Town seeks extension in Wellfleet Harbor dredgeDecember 29, 2020 | Denise Coffey | Website
The Quincy-based dredging and marine contracting company is supposed to finish dredging a portion of Wellfleet Harbor by Thursday. That date marks the end of the season for the disposal of dredge spoils at the Cape Cod Bay Disposal Area.
But the presence of right whales near the disposal area could complicate efforts to get work done by the end of the year, and town officials say an extension is unlikely.
Joseph Aberdale, who co-chairs the town's Dredge Task Force, said the company will come close to dredging the majority of the 48,000 cubic yards the town wanted removed. About 32,000 cubic yards are expected to be removed, more than the minimum threshold of 30,000 cubic yards called for in the company's contract.
There is a slim chance that the U.S. Army Corps of Engineers will approve an extension for the project to continue through Jan.15.
“We don’t think that’s going to happen,” Assistant Town Administrator Michael Trovato said.

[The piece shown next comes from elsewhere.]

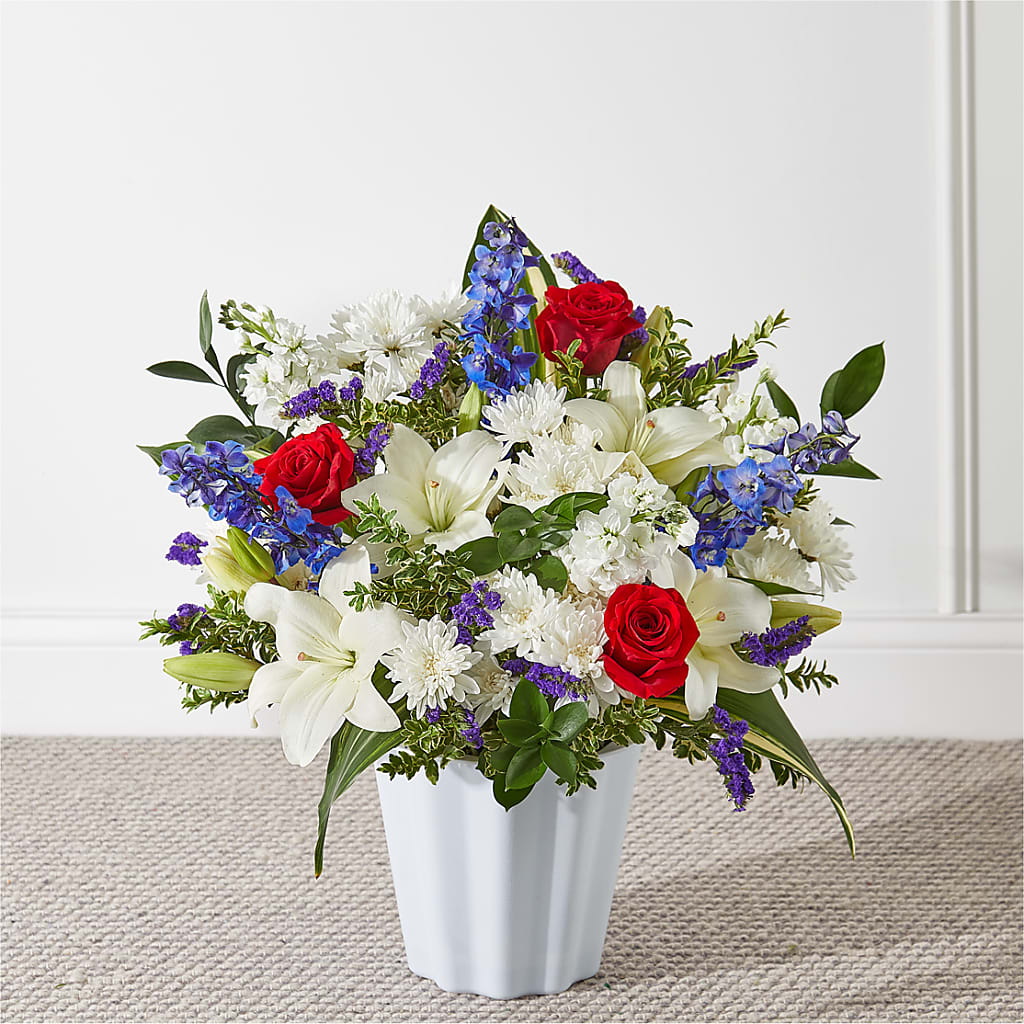 Consoled Floor Basket – Your Beautiful Flowers, Scranton PA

Right whales have been spotted in Cape Cod Bay where the dredged material is disposed of. The population of the endangered animals is down to below 400, and it's believed that the Army Corps will give preference to the whales’ welfare over the extension.

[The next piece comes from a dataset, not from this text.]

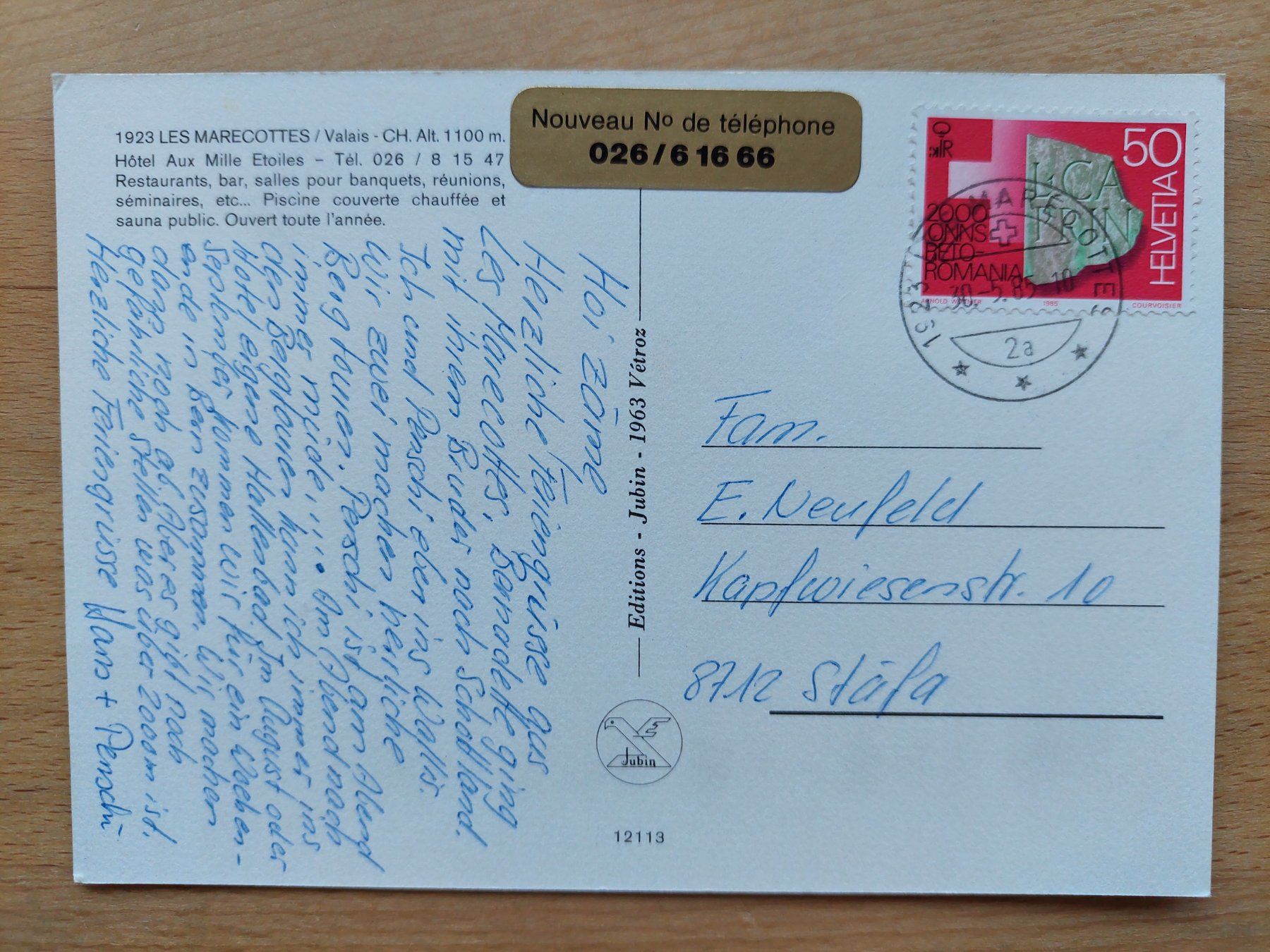 Cartoline postali: AK Les Marecottes VS 4-bildrig – Usato da Obfelden venduto da Foto_Bild_Kunst_Buch 1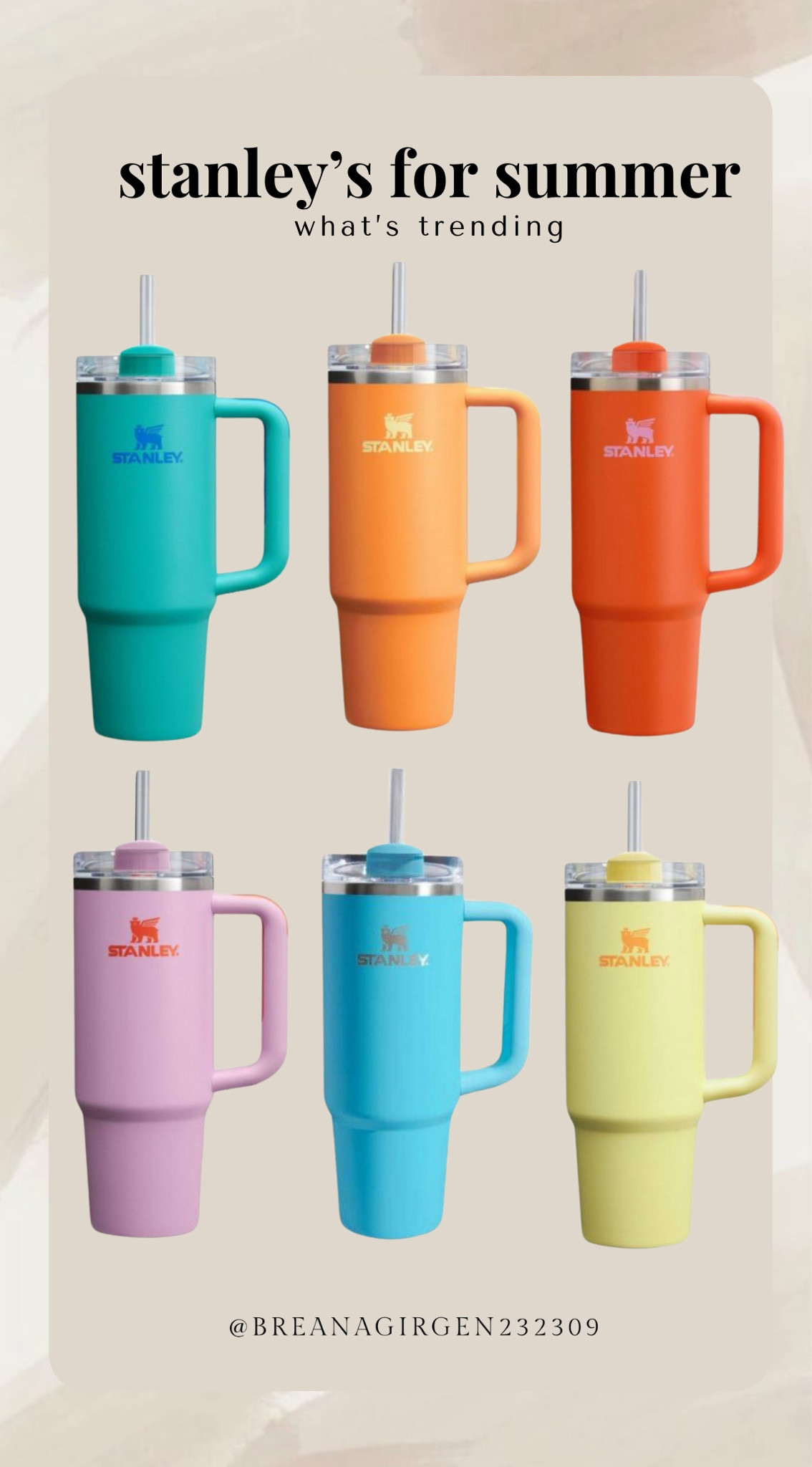 Stock up on Stanley’s for the summer!




Stanley cup, drink canister, summer drink cup, summer accessories 

#LTKFindsUnder100 #LTKSwim #LTKHome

Aberdale and task force co-chair Christopher Allgeier will be ready to give the authorization for the continuance if it receives approval from the Army Corps. If the extension isn't approved, the town would have to pay Cashman to wait to finish the work.
The dredge permit expires at midnight on Thursday. The town will have to pay Cashman $45,000 a day if they want the company to wait for an approval.
Aberdale and Allgeier, together with Trovato and Assistant Harbormaster William Sullivan, will make a decision on Thursday about whether and how long they want Cashman to wait for the extension.
On Monday, the committee indicated a willingness to wait one or two days at the most.
A more likely scenario is that the remaining material will be dredged in October. The $2.6 million contract with Cashman is based on removing 163,800 cubic yards of spoils from Area One, which is situated around the town pier, boat launch and fuel pumps. The company was able to begin the project this year after the Army Corps completed its dredge of the federal channel.
The number of cubic yards the company actually draws out is what they’ll be paid for, Trovato said.
Aberdale expects that the rest of Area One can be dredged in 2021. The town could conceivably begin dredging in Area Two in the fall, where an estimated 269,000 cubic yards are set to be removed from the mooring area in the harbor.
But there are a few roadblocks standing in the way of permits for Area Two.
Because it’s been more than 50 years since Area Two was last dredged, it’s considered a “new” dredge project. With that distinction, more requirements and obligations are needed to secure the necessary permitting, according to Aberdale.
The National Marine Fisheries Service has signaled some objections to the town’s dredge plan for Area Two. The area has been characterized as a beneficial mud flat with living organisms by the DMF, Aberdale said.
“We need to enter into a phase of negotiation with the fisheries service and the Corps,” he said.
Aberdale expects the town will have to come up with mitigation plans in the form of cash payments, an environmental project or a combination of both that will offset the impact of the “new” dredging in Area Two.